The new trend in construction is campuses made up of three levels of care all integrated into a single solution. Level one covers an entry level that might include villas for independent retirement style living. When constructed on the same campus as higher-level care facilities, residents have direct and fast access to services if they need them. Otherwise, they live their daily lives independent from constant care and supervision. Level two includes assisted living that might resemble apartment style living, but with a more intense level of service and care. It might include meals, regular visits by in-house healthcare professionals, welfare checks, and limited independent mobility. Level three will include construction of a skilled nursing center where physical and mental health concerns require constant attention and care. This part of the facility will resemble a conventional nursing home with a dedicated section secured for dementia patients who may wander, becoming a threat to themselves and sometimes others.
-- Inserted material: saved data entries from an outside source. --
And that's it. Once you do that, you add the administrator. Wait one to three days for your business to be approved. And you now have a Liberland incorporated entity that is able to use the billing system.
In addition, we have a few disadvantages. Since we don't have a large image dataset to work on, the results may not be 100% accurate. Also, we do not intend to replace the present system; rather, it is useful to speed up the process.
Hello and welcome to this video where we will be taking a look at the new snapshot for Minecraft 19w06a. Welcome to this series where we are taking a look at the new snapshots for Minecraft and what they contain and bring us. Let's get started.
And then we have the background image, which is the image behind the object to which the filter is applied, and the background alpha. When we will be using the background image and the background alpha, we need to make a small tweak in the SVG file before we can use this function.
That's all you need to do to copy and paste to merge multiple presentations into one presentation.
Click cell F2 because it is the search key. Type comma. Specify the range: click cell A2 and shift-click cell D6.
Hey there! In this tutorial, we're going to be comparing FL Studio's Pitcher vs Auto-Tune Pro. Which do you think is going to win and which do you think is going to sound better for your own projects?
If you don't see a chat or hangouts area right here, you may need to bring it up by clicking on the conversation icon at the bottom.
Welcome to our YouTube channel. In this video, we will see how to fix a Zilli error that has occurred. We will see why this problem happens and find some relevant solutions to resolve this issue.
Integrators who can establish a broad and integrated communication, entertainment, nurse-call, and security solution will find a unique niche in the nursing facilities of the future. Increasing regulation of skilled nursing facilities brought on by questionable care practices and poor patient supervision present an opportunity to integrators, who can supply nurse call systems integrated with patient information systems and activity tracking. These systems can increase productivity and accountability, allowing the review of patient-care history and response by management and relatives of the patients.
The Hospital Market
This market is not for the faint of heart. Reviewing changes in this industry over the last 10 years will make your head spin. First, there have been the roll-ups as major healthcare networks have and continue to buy hospitals that sometimes change hands every couple of years. Staffing shortages have plagued this industry for decades, and the situation is only getting worse. And then there is the health insurance industry that makes getting paid for care into a game of Russian roulette. Add to all of this the significant advances in medicine over the last 20 years that continue to cause an escalation in the cost of providing healthcare, and you have what on the surface looks like a pretty messy industry. But, for integrators with experience and business savvy, the hospital market provides significant opportunities and rewards.
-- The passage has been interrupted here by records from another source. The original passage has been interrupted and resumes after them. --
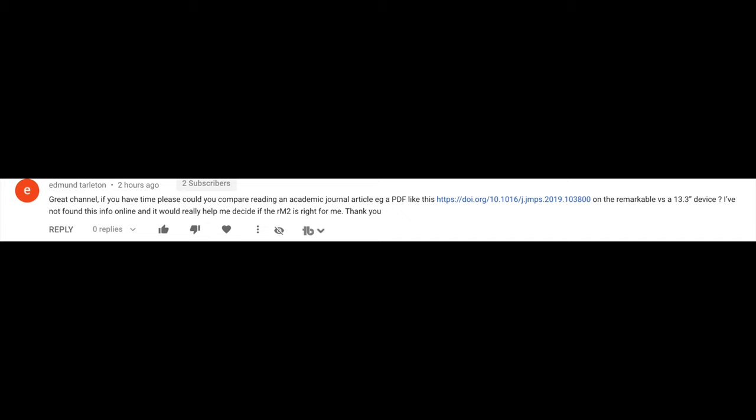I always tell you that we have the smartest subscribers on YouTube — you can tell just by the comments. Today I'm answering a comment from Edmund Tarleton. Edmund wants me to compare an academic journal on the reMarkable One, which is what we have out now, to a 13.3 inch tablet. I have the QuickLogic coming, also called Paper, and then the Quaderno, which we also have.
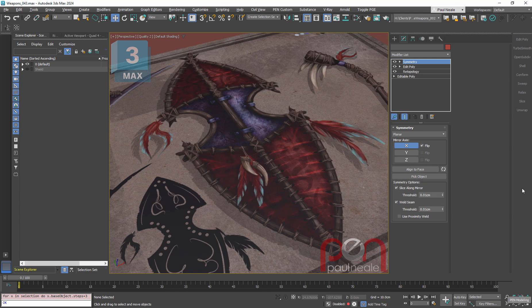Hi, this is Paul Neal from Pen Productions. We're going to talk about how I'm going to model this leather in between here and have it quite optimized.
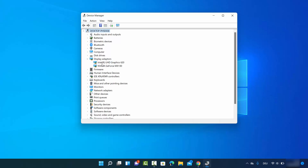As you can see, I have two graphics cards on my Windows 11 operating system: the first one is Intel UHD Graphics 620, and the second one is NVIDIA GeForce MX 130. Let's see a few other ways for checking the graphics cards on your Windows 11 PC.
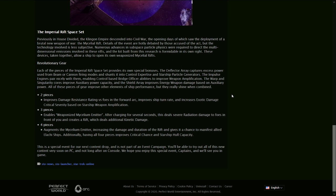Two-piece, improved damage resistance rating versus foes in a forward arc, improves turn rate, and increases exotic damage crit severity, not EPG, based on starship weapon amplification.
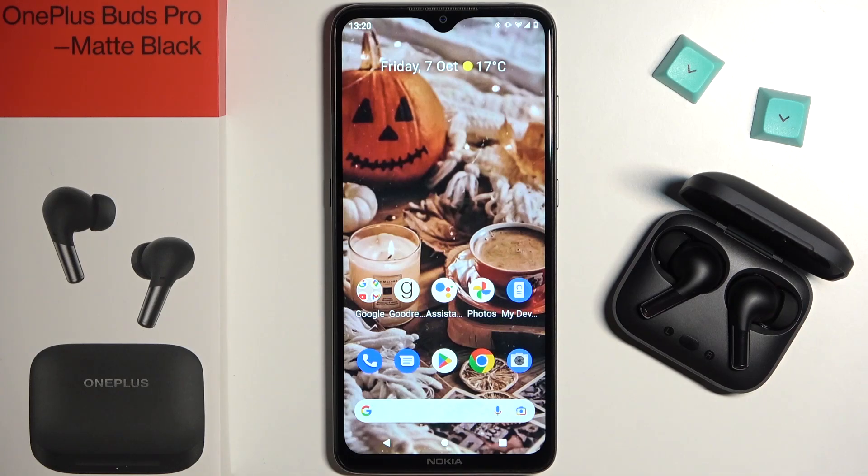Welcome guys. In this video I'm going to show you how you can open the settings of your OnePlus Buds Pro.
Learning to navigate the world of the GPO (group purchase organization) is key to selling to hospitals. Some GPOs are owned by national hospital networks, while others are independent. Even though a hospital might belong to a GPO, that is no guarantee they will purchase from them. When they insist on using the GPO, you will need to represent vendors who negotiate onto these contracts and then you need to learn how to turn low pre-negotiated margins on products into profitable contracts through labor and other services.
Learning to market and sell to the right people can be challenging. In the past many technology decisions in hospitals were made by facility managers. Today those same decisions are more likely to be influenced, if not out right made by nursing or IT administrators. Navigating this maze of influencers takes skill and strong relationships.
Additionally, past performance can be the best marketing tool. Hospital professionals are used to being disappointed by technology and while price will always be important, performance history will likely always trump price in this market.
What Will Be Needed
Decisions on technology spending will be driven by the need to create efficiencies with staff and processes that save steps, allow managers to do more with less, and generate more revenue. One example might be helping manage bed occupancy. Nurse call systems can help track the status of rooms and beds while communicating with housekeeping, nursing managers, and admitting.
Systems that integrate nursing functions and enhanced communication with other hospital departments such as surgery, labs, and pharmacies are desirable and require convergence and integration skills. Your sales and engineering staff will need an intimate knowledge of the all the departments and their role in the hospital in order to provide and install meaningful and comprehensive systems and solutions.
Wireless integration and wireless technologies are making hospital solutions more portable and comprehensive. Integrators working in the hospital of the future are going to become IT experts with excellent skills in wireless technologies. Phones and pagers are only the beginning as wireless products are perfected and reliability increases.
And don't forget security. Access control systems integrated with comprehensive camera surveillance products are an absolute necessity in today's modern hospital. These systems are large and completely integrated with IP networks and soon to come to the healthcare industry will be the application of video analytics and advanced surveillance systems that will do most of the thinking and alert to threats before they occur.